I do everything I can to be right. And if not right, then at least consistent. I try to think of every counter argument, and come up with a response. If I can come up with a response to every counter argument that I can think of, that’s enough. It’s as close to being right as I feel I can get, and it’s adequate.
Except that it’s not quite adequate.
It’s only until I debate my friends that I realize that I was overly ambitious about my ability to find counter arguments. As a human, I tend to do this often. It’s not enough to just think your way out of a problem, you have to bounce it off of someone else.
I was discussing “positive duties”. Positive duties mean you should do something, negative duties mean you shouldn’t. For instance, you have a negative duty to not set the building on fire, and you might have a positive duty to rescue the people inside.
For clarification, I don’t mean: that you don’t have a choice. I mean: this is the rule and you SHOULD follow it. You don’t have to, but then you’re breaking the rule.
I was of the opinion that there is no positive duties that make sense. My logic is that positive duties are imaginary and consist of things that people just wished other people would do, and make a rule out of it. Such as, “People have a positive duty to give me ice cream”. It was apparent to me that no such rule existed! I reasoned that if anyone and everyone could make up rules, there was no way to distinguish between legitimate rules and bogus ones. And in all likelihood, they were all bogus.
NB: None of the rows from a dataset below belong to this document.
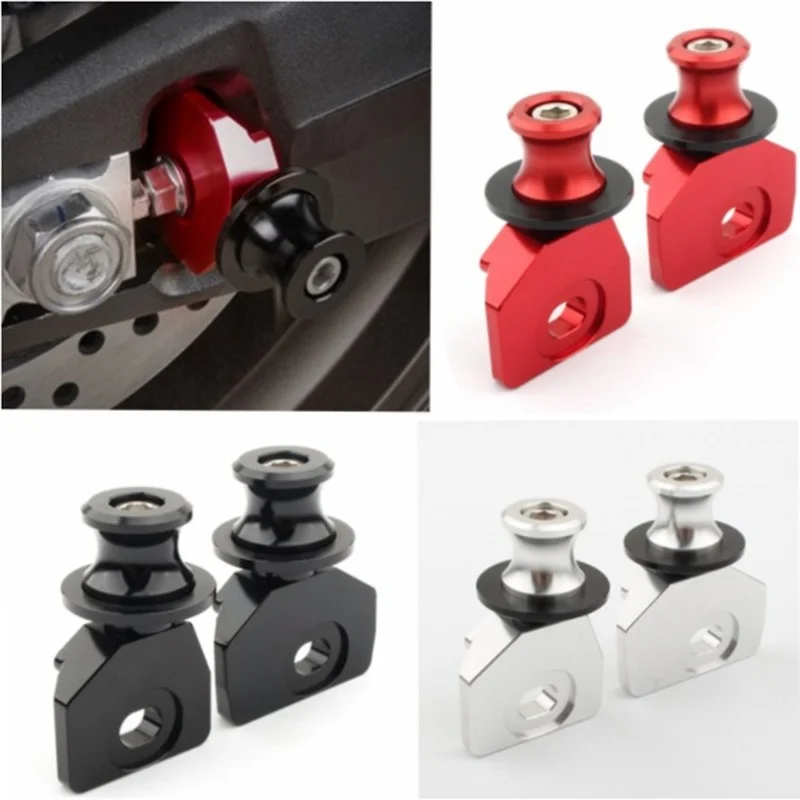 Motorcycle Modified Lifting Screw Motorcycle Frame Fit for CBR650R CB650R CB650F CBR650F
Motorcycle Modified Lifting Screw Motorcycle Frame Fit for CBR650R CB650R CB650F CBR650F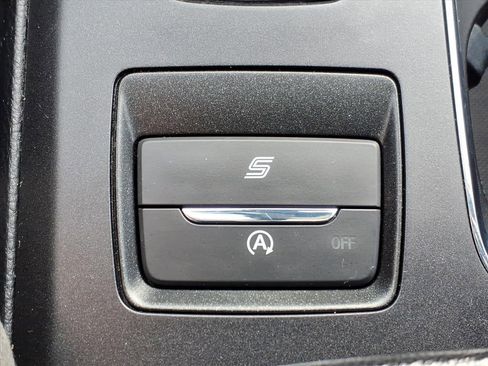 Certified 2020 Ford Fusion SE image 19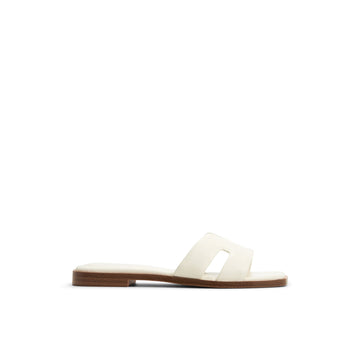 Itsandal Sandal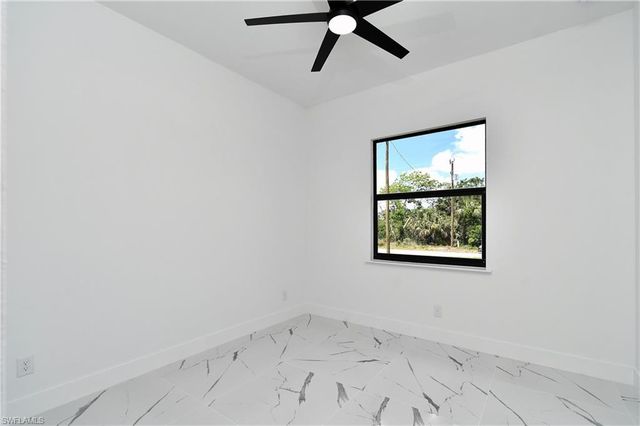 317 Lancelot AVE, Lehigh Acres, FL 33974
I do believe in negative duties, such as don’t hit and don’t steal. Those seem intuitive to me and I made the assumption that they weren’t made up by a person, instead they were the rules of nature, therefore it was neutral and objective.
Then my friend brought up positive duties to children. Do we have an obligation to raise them, if we brought them into this world? I would certainly think so. That’s a positive duty. It also has serious implications. If I bring a child into this world, do my parents and siblings also have a duty to help out? How about the village? I don’t necessarily want the village to help me, so I would hope that there is no such rule. The conundrum is that this rule seems to come from nature.
The most important things to remember when fleshing out your moral code:
- Come clean.
Admit when you are wrong. this will help people relate to you and accept when you are right and it helps them identify the areas you are known to be right and areas you are known to be wrong.
- Think deep and hard.
I think of ethics as a big mountain range, and the smoother it is, the more consistent it is. sometimes it winds up slanted, but that’s still better than a bunch of exceptions, and exceptions to exceptions. Being right is hard, being consistent is a compromise. It’s easier and usually right-ish.